Early diagnosis of lung cancer is a key intervention for the treatment of lung cancer computer aided diagnosis (CAD) can play a crucial role. However, most published CAD methods treat lung cancer diagnosis as a lung nodule classification problem, which does not reflect clinical practice, where clinicians diagnose a patient based on a set of images of nodules, instead of one specific nodule. Besides, the low interpretability of the output provided by these methods presents an important barrier for their adoption. In this article, we treat lung cancer diagnosis as a multiple instance learning (MIL) problem in order to better reflect the diagnosis process in the clinical setting and for the higher interpretability of the output.
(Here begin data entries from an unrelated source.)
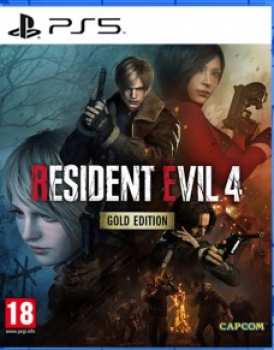 5055060904169 Resident Evil 4 Gold Edition Ps5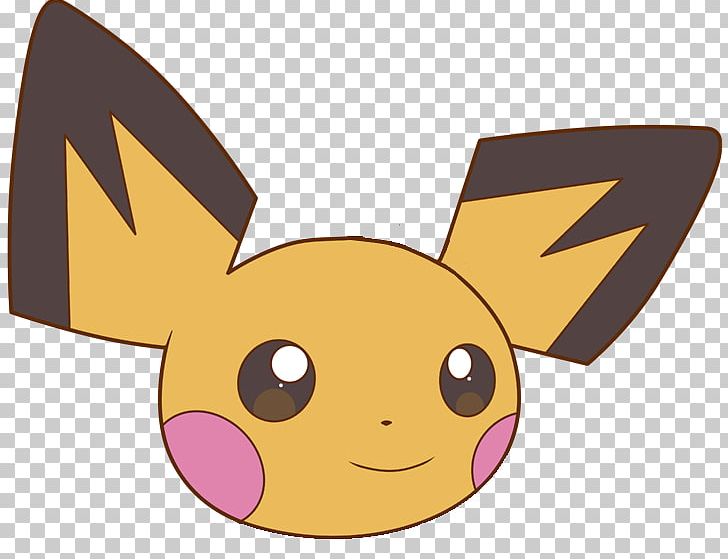 Pikachu Pichu Raichu Character Pokémon PNG, Clipart, Art, Carnivoran, Cartoon, Character, Deviantart Free PNG Download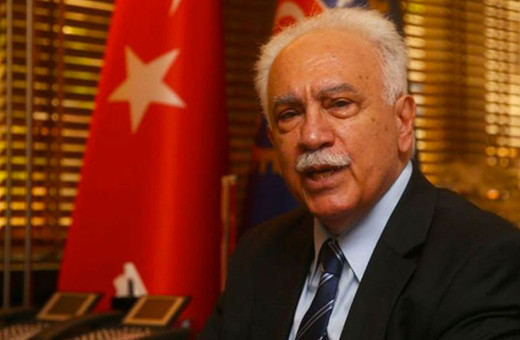 Doğu Perinçek'in 'Emniyet SMS gönderdi' iddiası ortalığı karıştırdı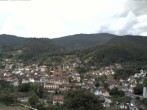 Archiv Foto Webcam Blick auf Forbach im Nordschwarzwald 11:00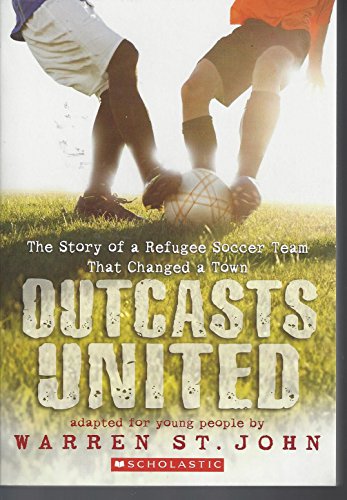 Beispielbild fr Outcasts United zum Verkauf von SecondSale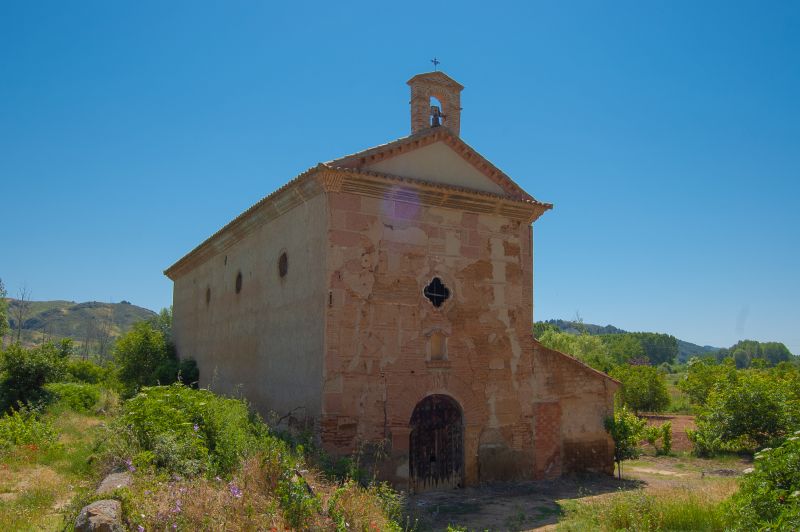 Ermita de la Virgen del Rosario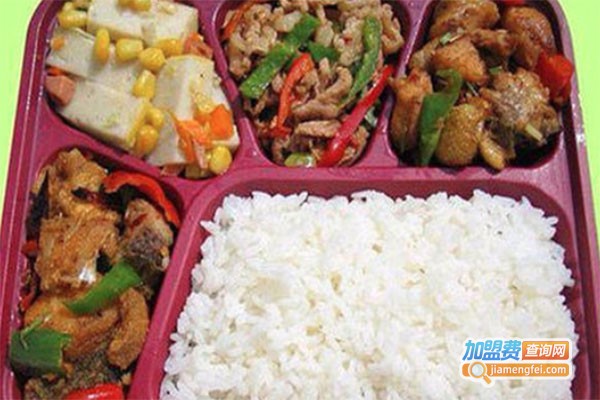 食尚食屋快餐加盟费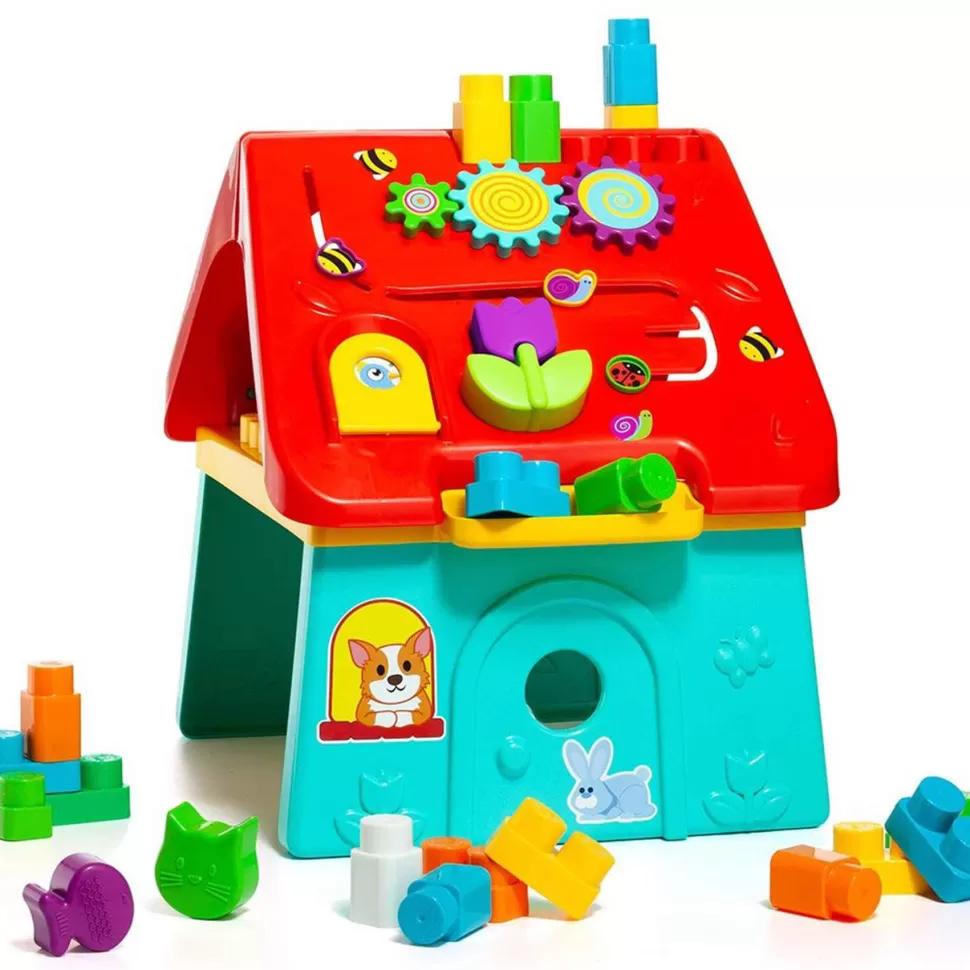 Molto Casa Actividades 10 Bloques Musicales* Primera Infancia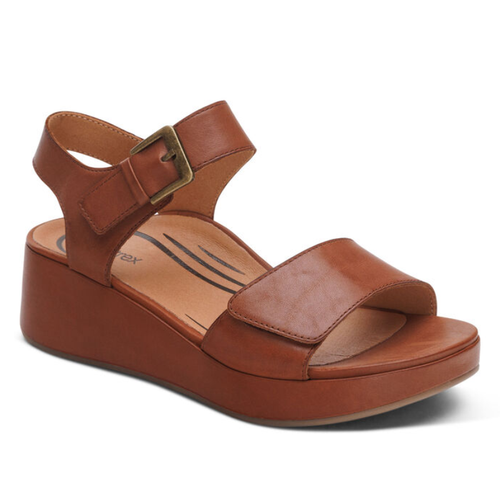 Women's Aetrex Ariel - Dark Brown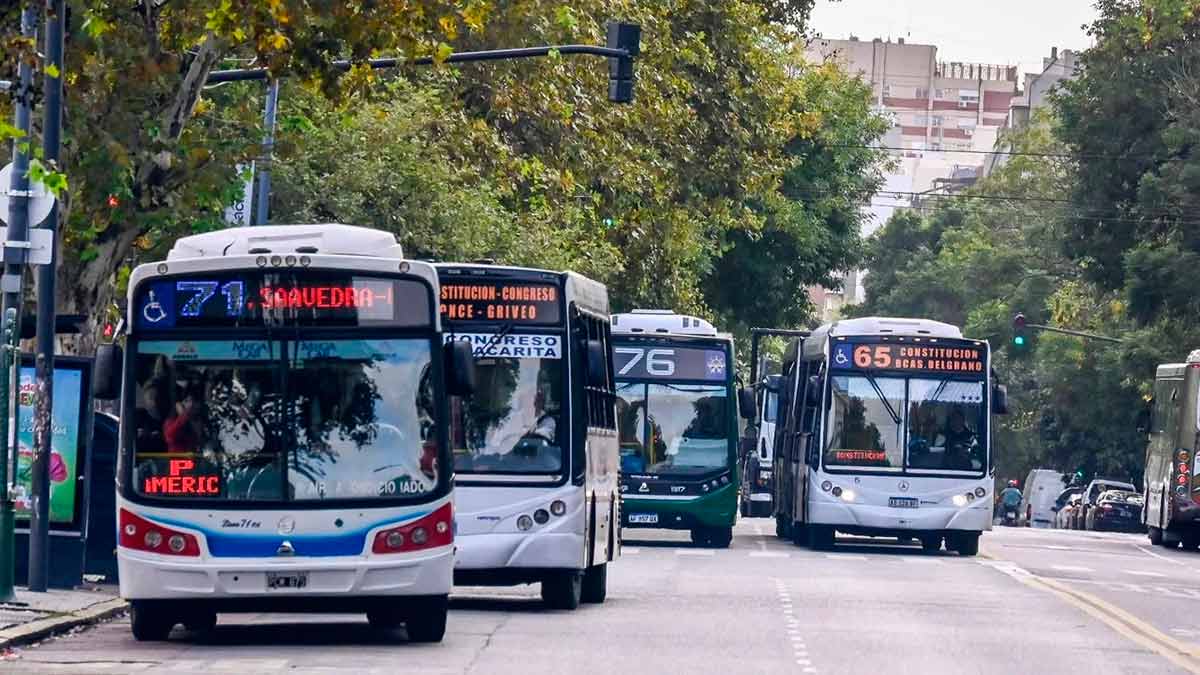“No hay ninguna esperanza”: la UTA ratifica el paro y el Gobierno insiste en desactivarlo 1 paro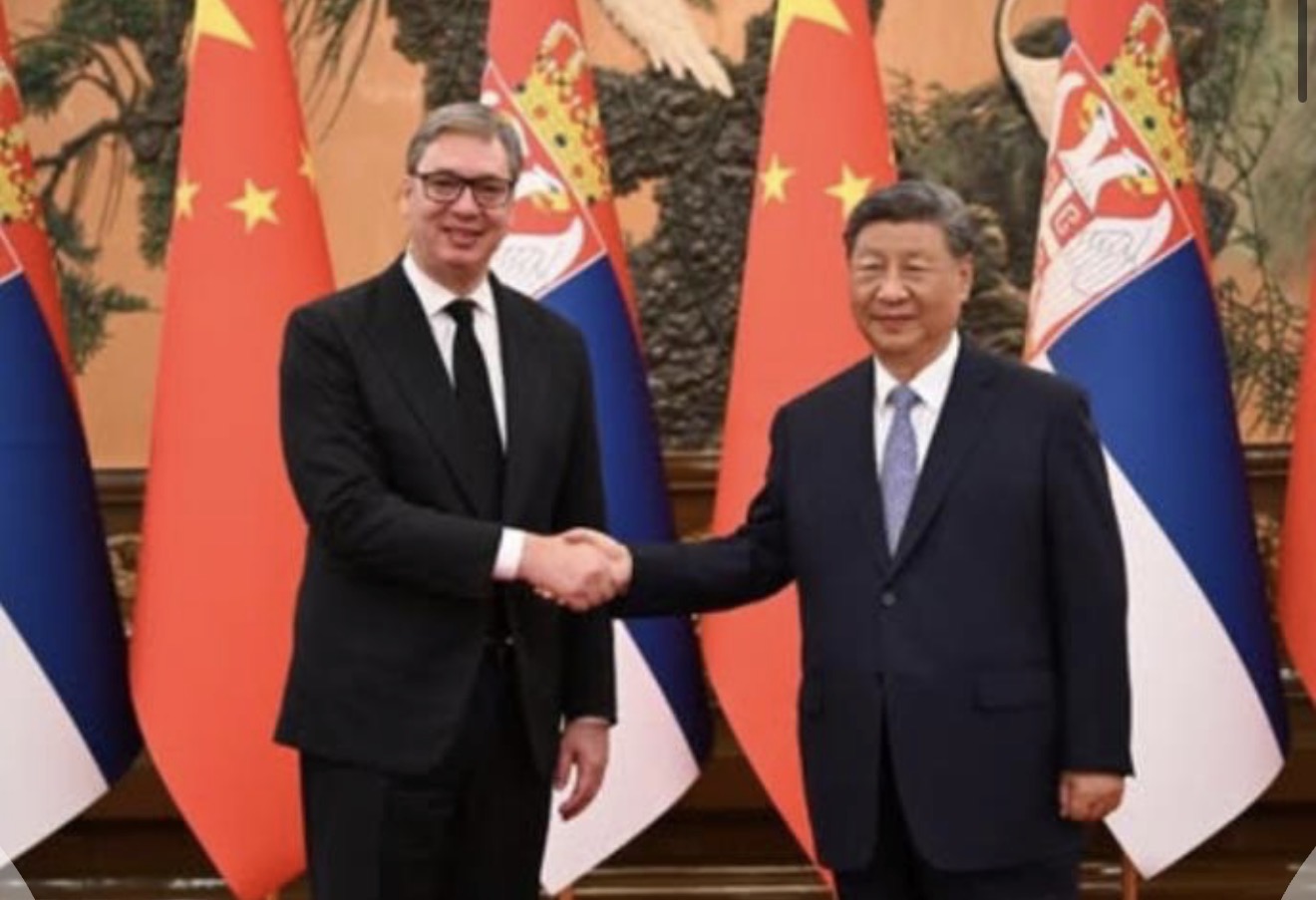 SI ĐINPING ČESTITAO VUČIĆU DAN DRŽAVNOSTI: Pod Vašim vođstvom, privreda&hellip;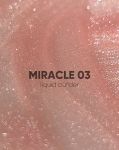 Жидкий полигель Miracle 03 – 12ml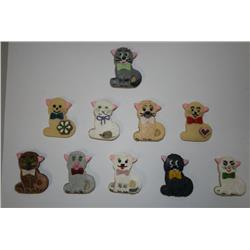 WYKRAWACZ KOTKA 4,5 CM-8196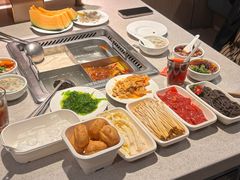 -海底捞火锅(上地华联店)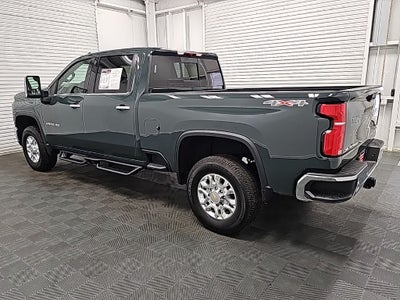 2025 Chevrolet Silverado 2500HD LTZ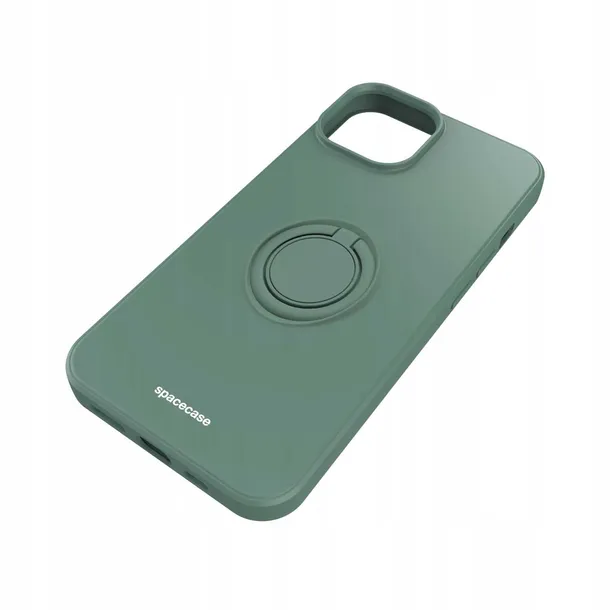 spacecase-silicone-ring-iphone-14-dark-green-kolor-zielony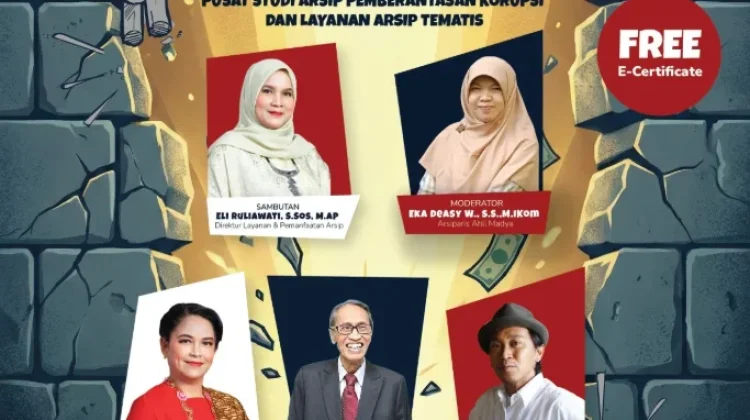 Integritas Pemuda Jadi Pilar Utama dalam Pemberantasan Korupsi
We chose radiomics as the source of input features and deep attention-based MIL as the classification algorithm.The attention mechanism provides higher interpretability by estimating the importance of each instance in the set for the final diagnosis.In order to improve the model's performance in a small imbalanced dataset, we introduce a new bag simulation method for MIL.The results show that our method can achieve a mean accuracy of 0.807 with a standard error of the mean (SEM) of 0.069, a recall of 0.870 (SEM 0.061), a positive predictive value of 0.928 (SEM 0.078), a negative predictive value of 0.591 (SEM 0.155) and an area under the curve (AUC) of 0.842 (SEM 0.074), outperforming other MIL methods.Additional experiments show that the proposed oversampling strategy significantly improves the model's performance. In addition, our experiments show that our method provides an indication of the importance of each nodule in determining the diagnosis, which combined with the well-defined radiomic features, make the results more interpretable and acceptable for doctors and patients.